### Collected data
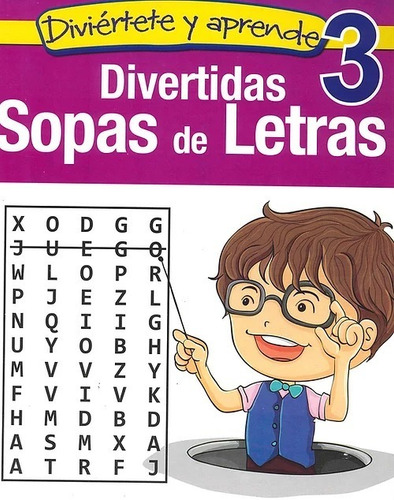 Divertidas Sopas De Letras 3 / Diviertete Y Aprende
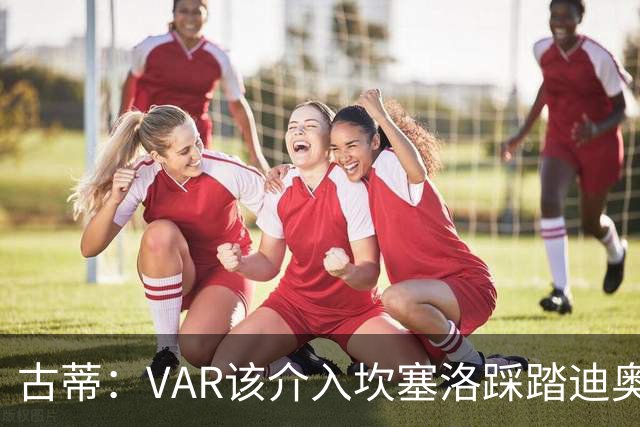 古蒂：VAR该介入坎塞洛踩踏迪奥曼德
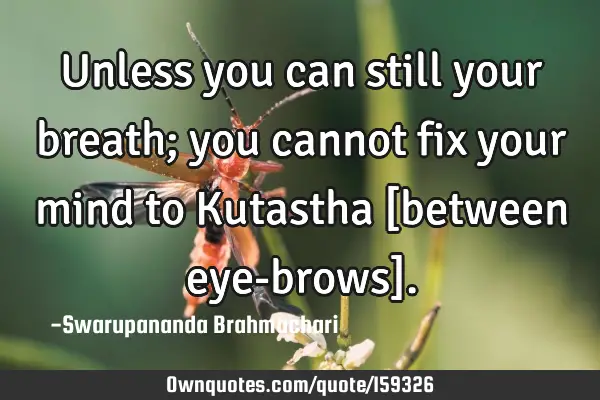 Unless you can still your breath; you cannot fix your mind to Kutastha [between eye-brows]
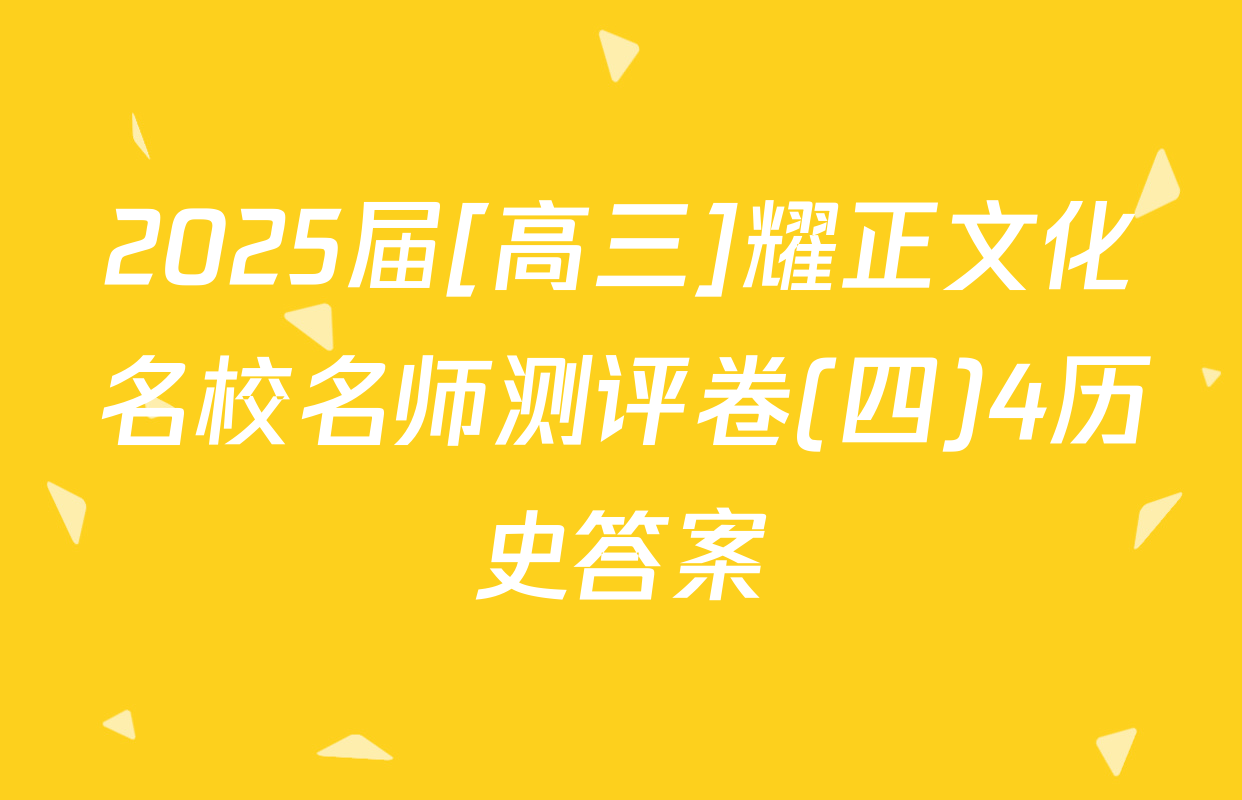 2025届[高三]耀正文化名校名师测评卷(四)4历史答案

### What the exercise asks
A word-for-word restatement of all the lines above is needed, with the pictures omitted.

### Response
 Divertidas Sopas De Letras 3 / Diviertete Y Aprende
 古蒂：VAR该介入坎塞洛踩踏迪奥曼德
 Unless you can still your breath; you cannot fix your mind to Kutastha [between eye-brows]
 2025届[高三]耀正文化名校名师测评卷(四)4历史答案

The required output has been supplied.